**ACTION ITEM:** Would you transcribe only the lines below, from the one containing "Antipulgas Antigarrapas Simparica" through the end of the material, exactly and with no pictures?

**DATA FOR THE TASK:**
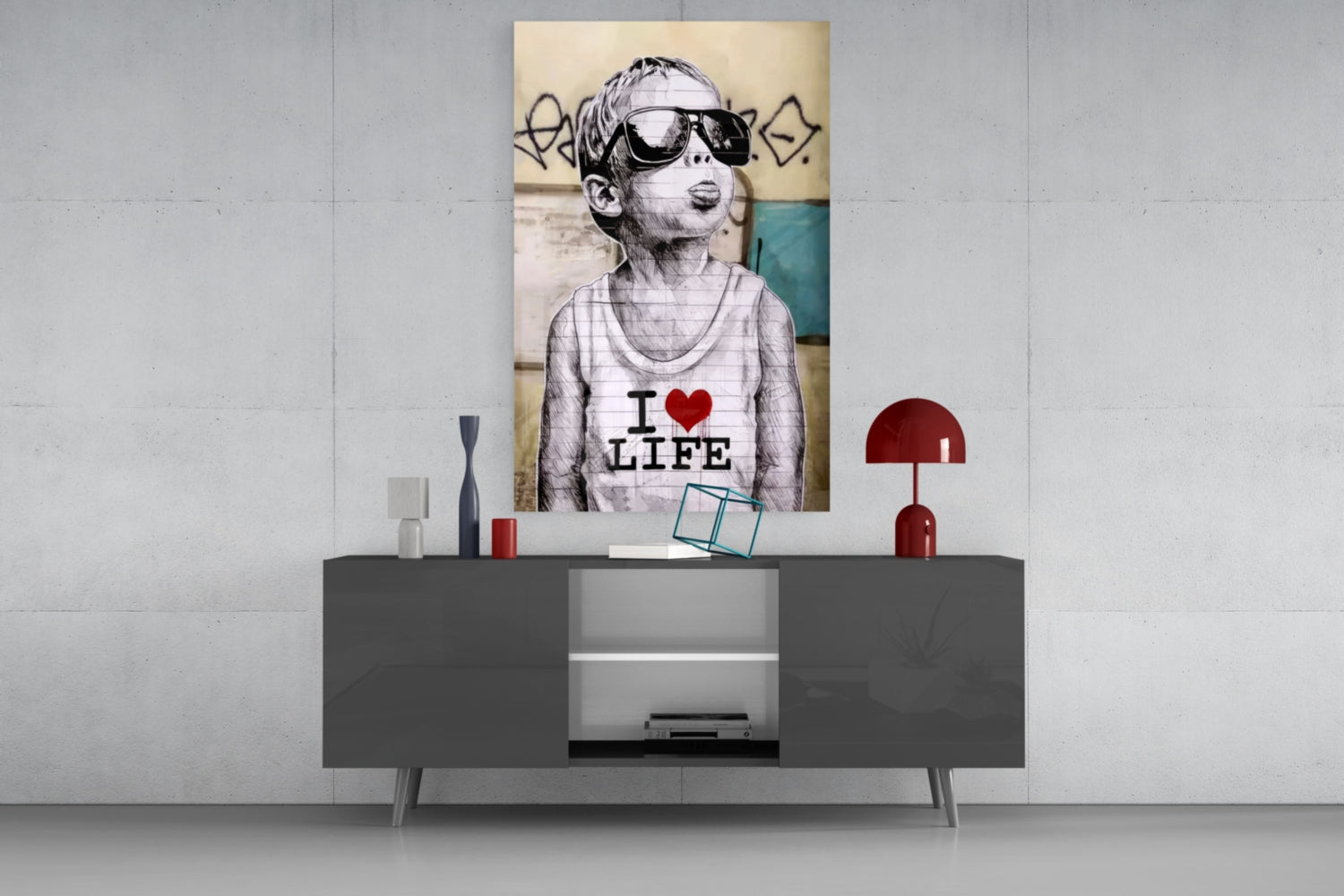 Street art style glass panel featuring child wearing sunglasses and "I Love Life" text, displayed above modern console table in contemporary room setting.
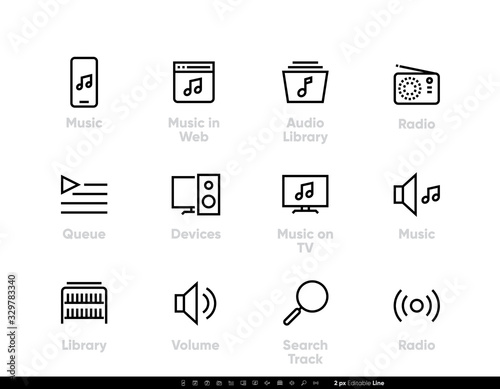 Music Stream Service icons. Music in Web, Radio, on TV, Devices, Search Tracks. Editable line vector set
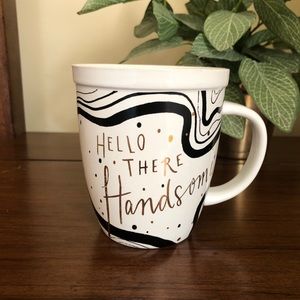 Annthropologie "hello there handsome" large ceramic mug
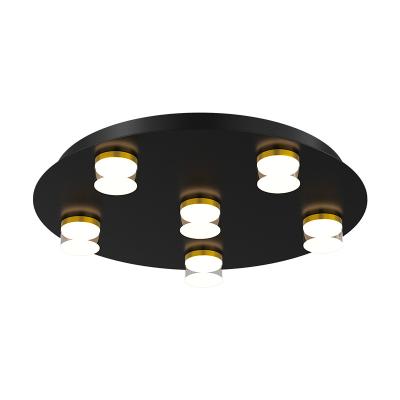 China High Lumen Classic Square Panel Lamp Round Flat Slim Living Room Fixtures Outdoor Flush Mount 3-Color Dimmable Black LED Ceiling Light for sale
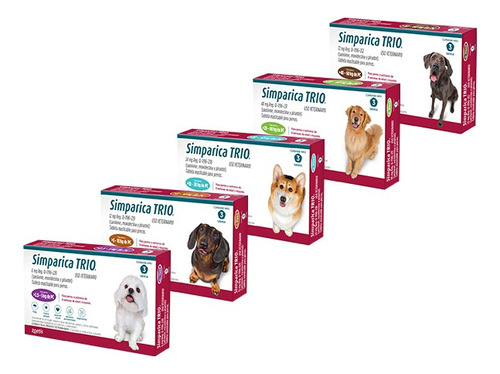 Antipulgas Antigarrapas Simparica Trio 20-40 Kg Caja X3 Tabs Verde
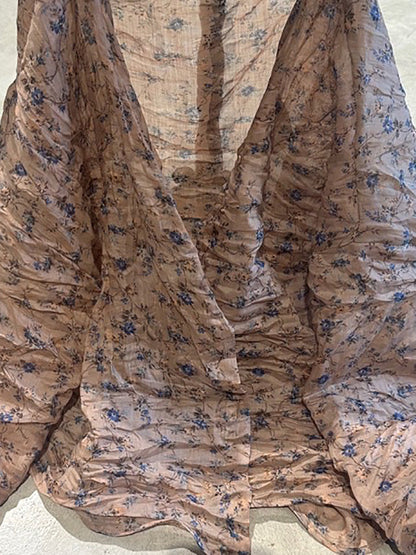 Shirt O-Neck Autumn Women Button Floral Vintage Ramie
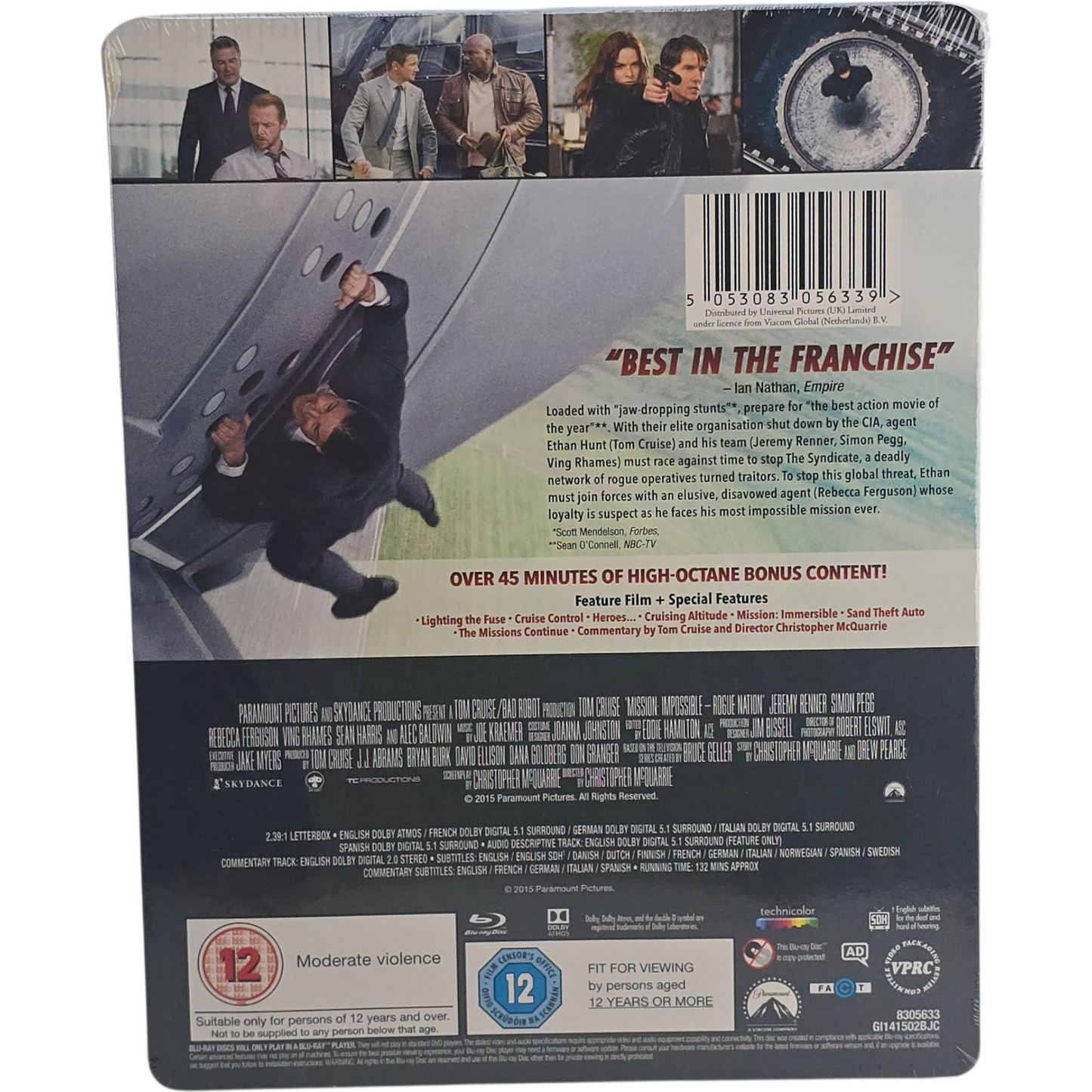 Mission Impossible Rogue Nation Blu-ray SteelBook Débossé Tom Cruise Zavvi Libre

**EXERCISE RESPONSE:**
 Antipulgas Antigarrapas Simparica Trio 20-40 Kg Caja X3 Tabs Verde
 Shirt O-Neck Autumn Women Button Floral Vintage Ramie
 Mission Impossible Rogue Nation Blu-ray SteelBook Débossé Tom Cruise Zavvi Libre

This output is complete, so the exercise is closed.